_Exercise_
Everything in the records below from the line containing "Old Town Charming Apartment" through the line containing "2 Hawk Court, Werribee VIC 3030" is to be reproduced exactly, those two lines included; no picture is to be copied.

_Records for this exercise_
══════

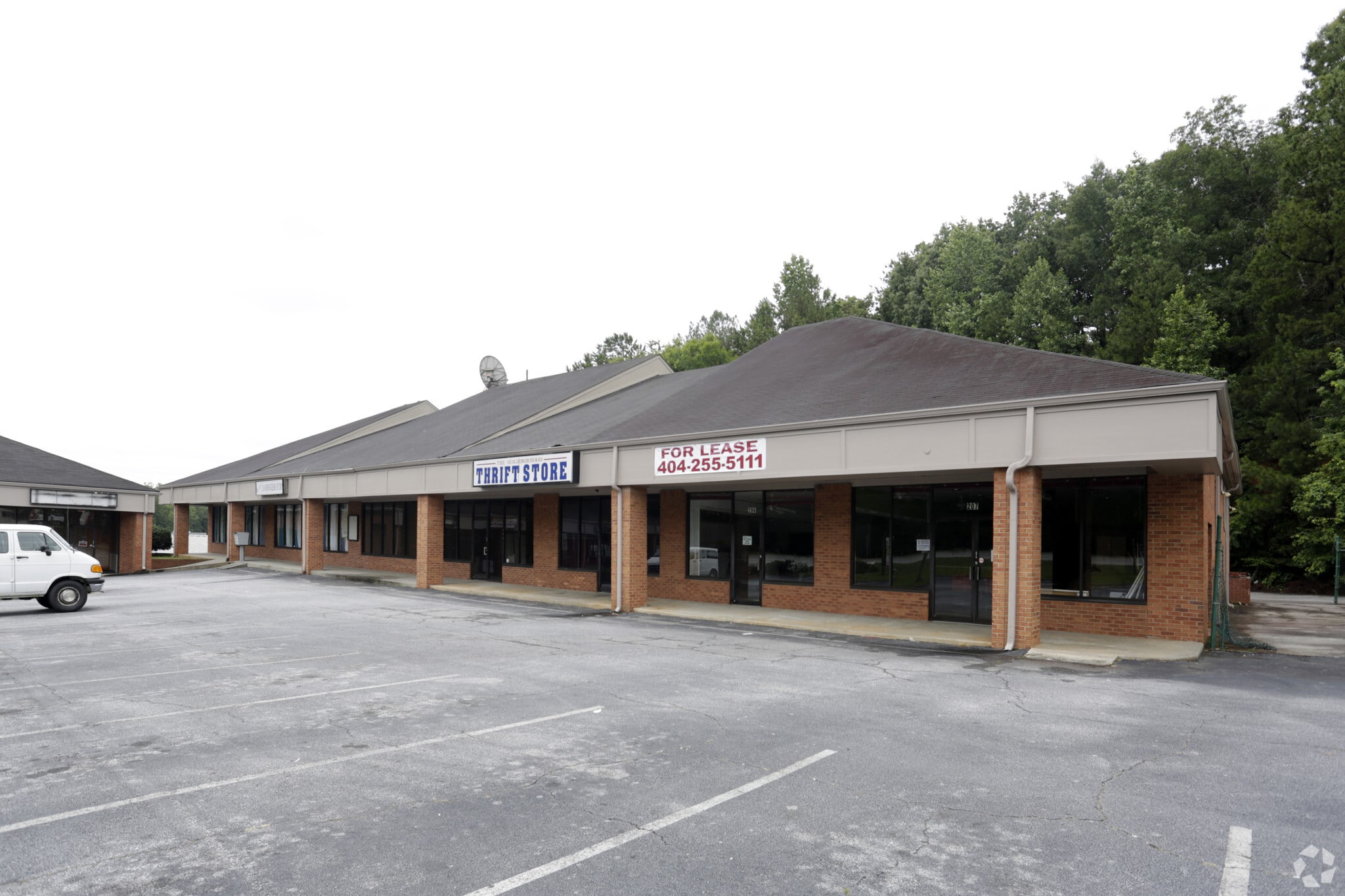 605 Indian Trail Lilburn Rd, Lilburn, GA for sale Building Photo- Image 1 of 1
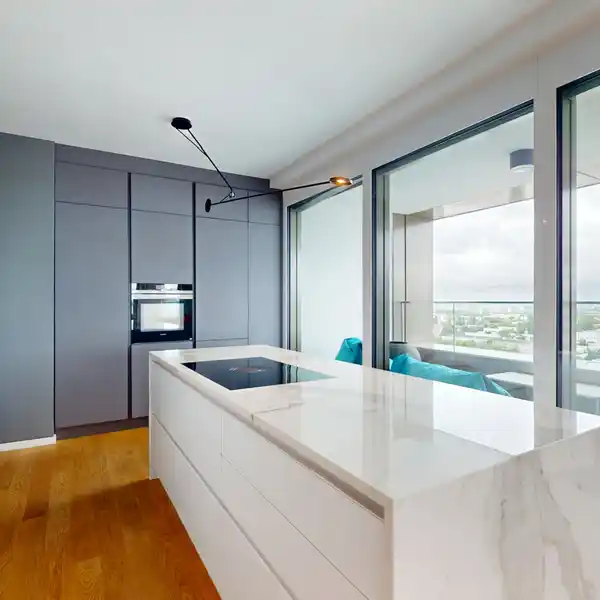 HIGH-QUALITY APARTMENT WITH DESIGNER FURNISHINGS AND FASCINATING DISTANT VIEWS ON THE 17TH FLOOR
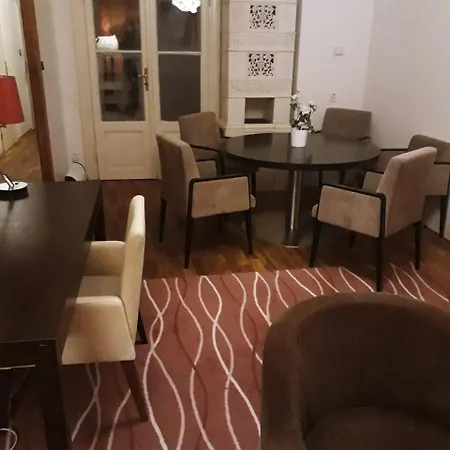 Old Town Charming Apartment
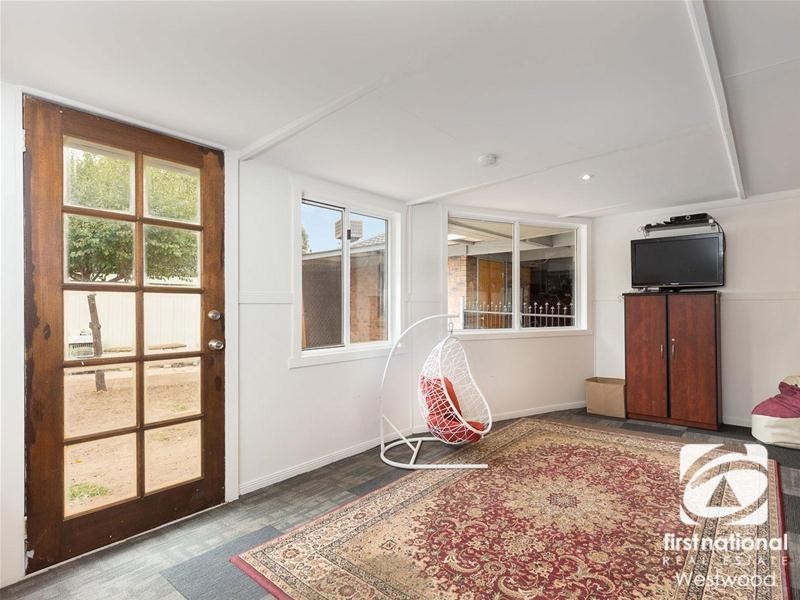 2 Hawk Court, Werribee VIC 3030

══════

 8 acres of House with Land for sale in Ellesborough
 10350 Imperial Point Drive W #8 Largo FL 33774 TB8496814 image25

══════

_Answer for this exercise_
 Old Town Charming Apartment
 2 Hawk Court, Werribee VIC 3030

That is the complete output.